[PATCH v14 14/34] PCI/AER: Report CXL or PCIe bus type in AER trace logging

Terry Bowman posted 34 patches 3 weeks, 4 days ago
There is a newer version of this series
[PATCH v14 14/34] PCI/AER: Report CXL or PCIe bus type in AER trace logging
Posted by Terry Bowman 3 weeks, 4 days ago
The AER service driver and aer_event tracing currently log 'PCIe Bus Type'
for all errors. Update the driver and aer_event tracing to log 'CXL Bus
Type' for CXL device errors.

This requires that AER can identify and distinguish between PCIe errors and
CXL errors.

Introduce boolean 'is_cxl' to 'struct aer_err_info'. Add assignment in
aer_get_device_error_info() and pci_print_aer().
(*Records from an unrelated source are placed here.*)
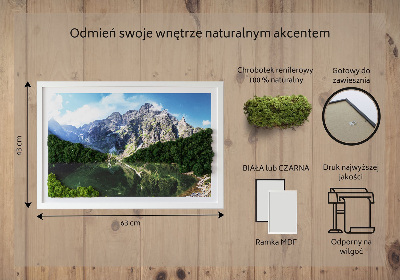 Quadro de musgo natural Montanhas Tatra - Morskie Oko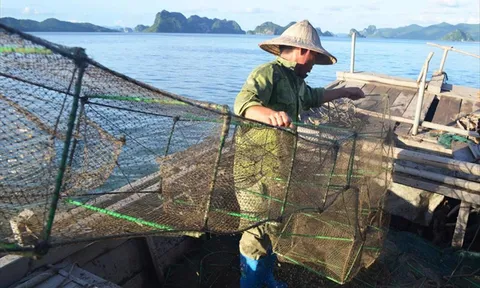 Nghề khai thác ghẹ Việt Nam đáp ứng tiêu chuẩn bảo vệ động vật biển theo MMPA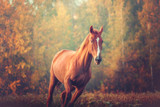 Fototapeta Konie - Portrait of red horse runs on the trees background in autumn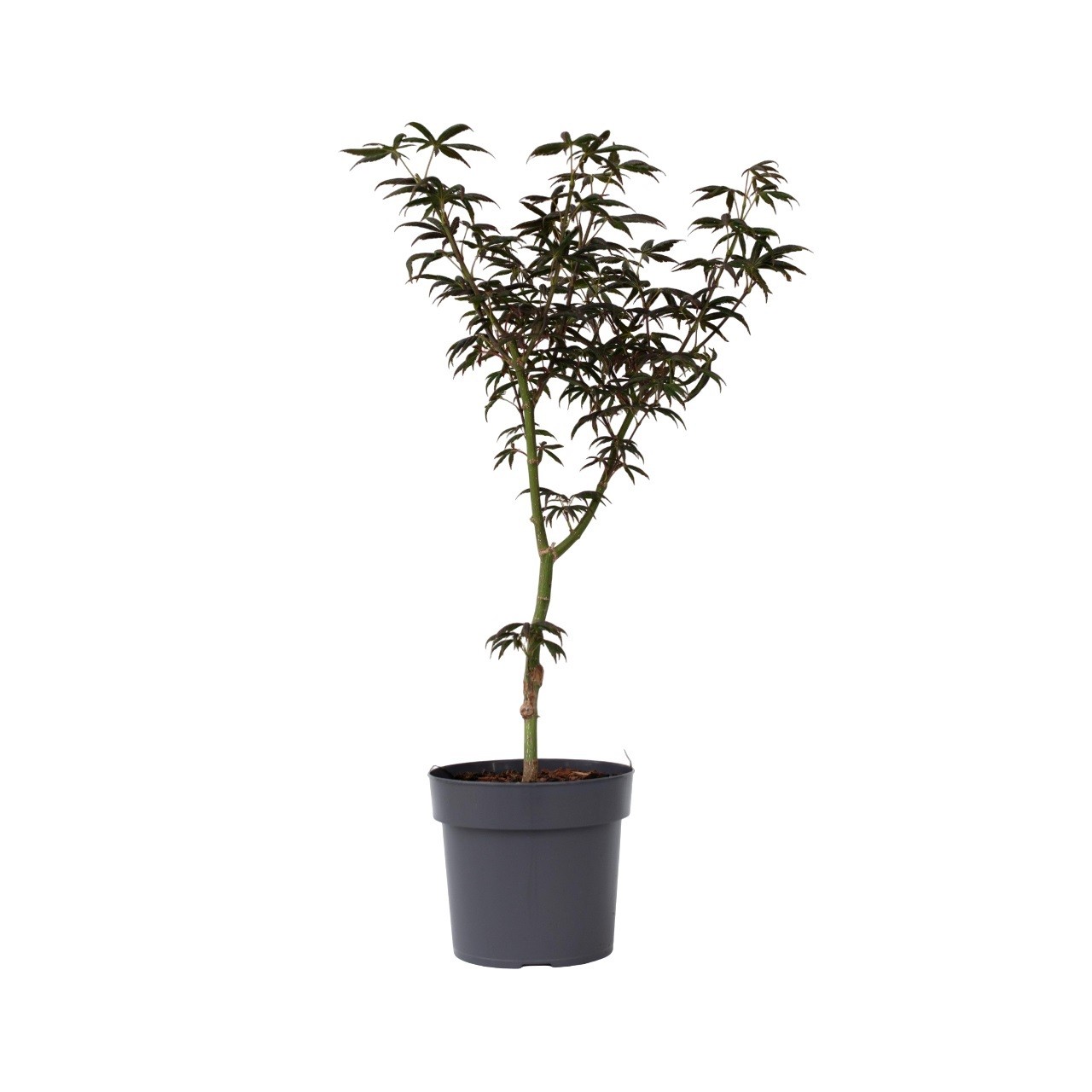 Aceri giapponese - Acer palmatum 'Starfish' - Altezza 60-70cm - ⌀19cm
Update the aer_event trace routine to accept a bus type string parameter.

Signed-off-by: Terry Bowman <terry.bowman@amd.com>
Co-developed-by: Dan Williams <dan.j.williams@intel.com>
Signed-off-by: Dan Williams <dan.j.williams@intel.com>
Acked-by: Bjorn Helgaas <bhelgaas@google.com>

---

Changes in v13->v14:
- Merged with Dan's commit. Changes are moving bus_type the last
  parameter in function calls (Dan)
- Removed all DCOs because of changes (Terry)
- Update commit message (Bjorn)
- Add Bjorn's ack-by

Changes in v12->v13:
- Remove duplicated aer_err_info inline comments. Is already in the
  kernel-doc header (Ben)

Changes in v11->v12:
 - Change aer_err_info::is_cxl to be bool a bitfield. Update structure
 padding. (Lukas)
 - Add kernel-doc for 'struct aer_err_info' (Lukas)

Changes in v10->v11:
 - Remove duplicate call to trace_aer_event() (Shiju)
 - Added Dan William's and Dave Jiang's reviewed-by
---
 drivers/pci/pci.h       |  8 +++++++-
 drivers/pci/pcie/aer.c  | 20 +++++++++++++-------
 include/ras/ras_event.h | 12 ++++++++----
 3 files changed, 28 insertions(+), 12 deletions(-)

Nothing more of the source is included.